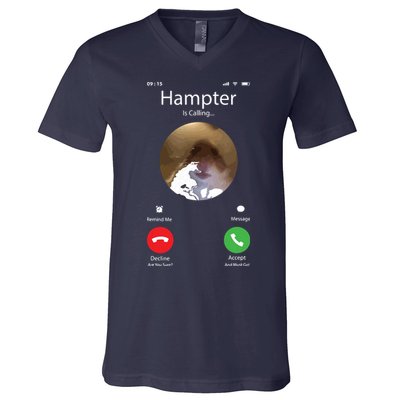 Dank Meme Hamster Staring Front Camera Hampter Calling V-Neck T-Shirt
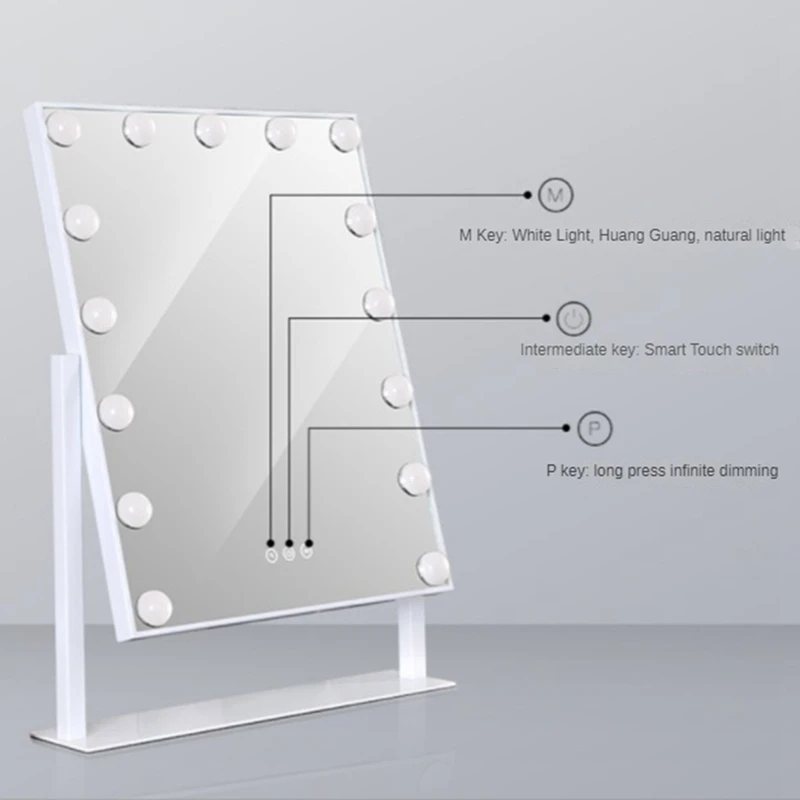 US Plug LED Live Mirror 15 Lights Standing Folding Vanity Mirror Compact Cosmetic Mirror With Touch Dimmer Switch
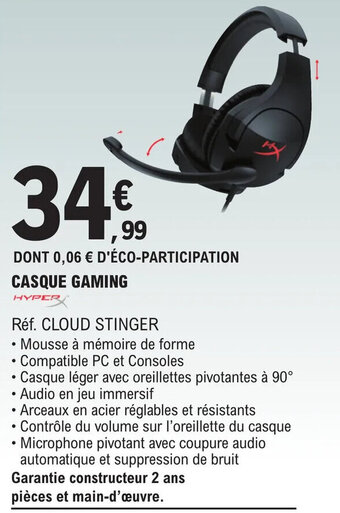 E.Leclerc CASQUE GAMING offre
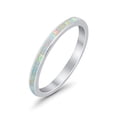 thumbnail image 1 of Full Eternity Stackable Band Ring Lab Created White Opal 925 Sterling Silver Size 7, 1 of 1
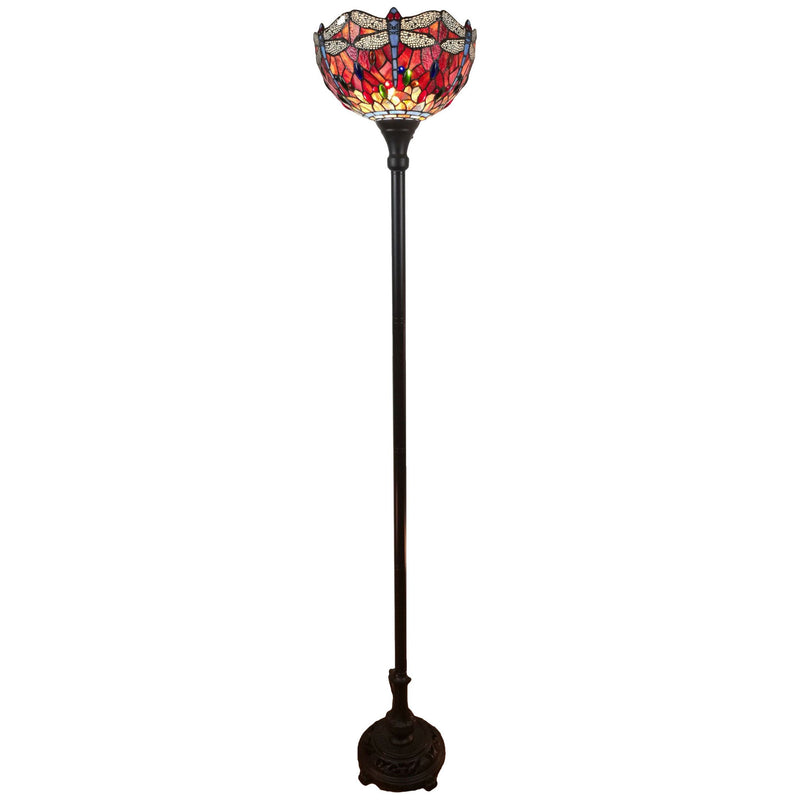 Traditional Shaped Floor Lamp With Red Yellow And Brown Dragonfly Stained Glass Dome Shade - Brown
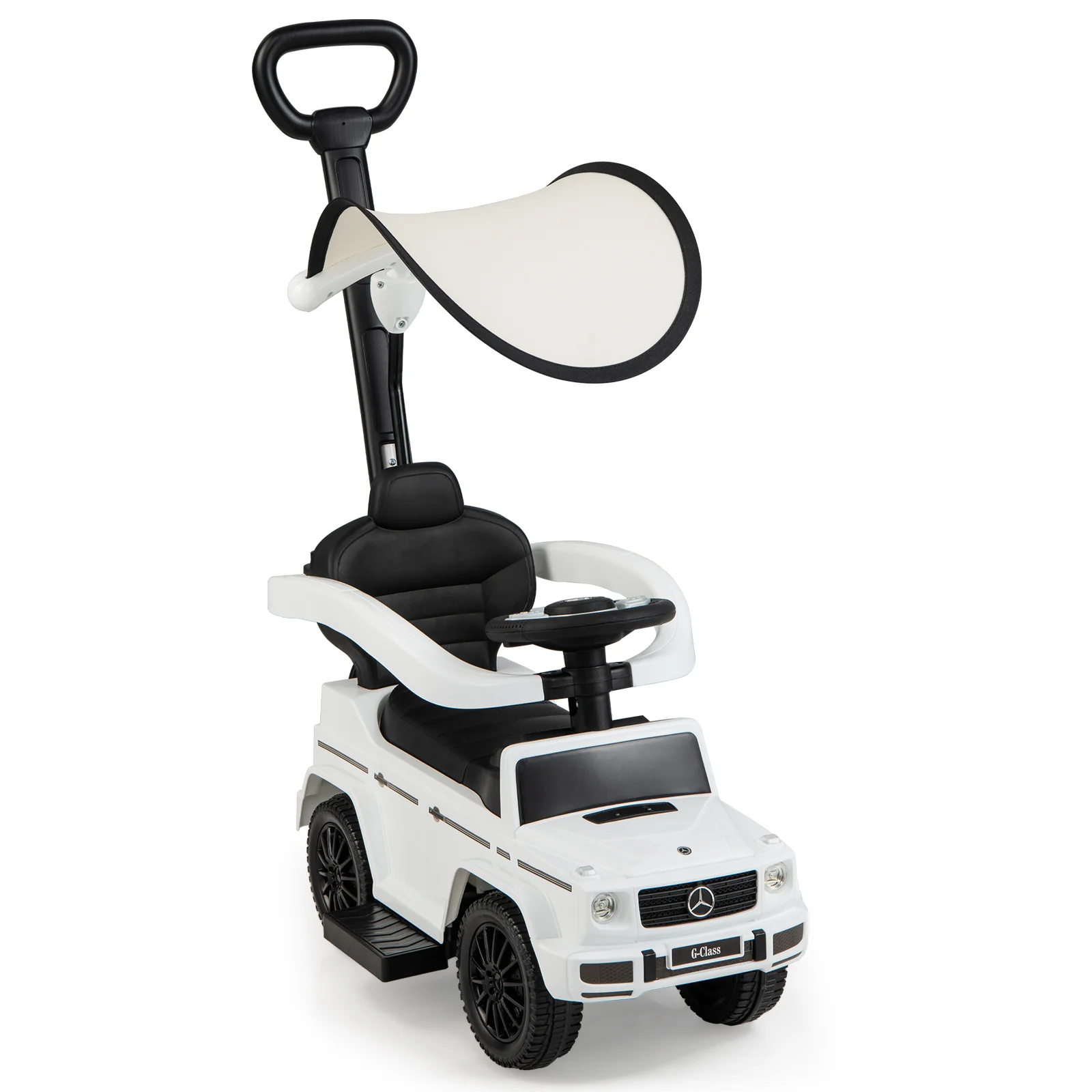 3-In-1 Ride On Push Car Stroller, G350, White - Image 5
● ● ● ● ●
WORK REQUEST:
When you return the records, keep every word unchanged and drop the pictures.

RESPONSE AREA:
 Dank Meme Hamster Staring Front Camera Hampter Calling V-Neck T-Shirt
 US Plug LED Live Mirror 15 Lights Standing Folding Vanity Mirror Compact Cosmetic Mirror With Touch Dimmer Switch
 E.Leclerc CASQUE GAMING offre
 thumbnail image 1 of Full Eternity Stackable Band Ring Lab Created White Opal 925 Sterling Silver Size 7, 1 of 1
 Traditional Shaped Floor Lamp With Red Yellow And Brown Dragonfly Stained Glass Dome Shade - Brown
 3-In-1 Ride On Push Car Stroller, G350, White - Image 5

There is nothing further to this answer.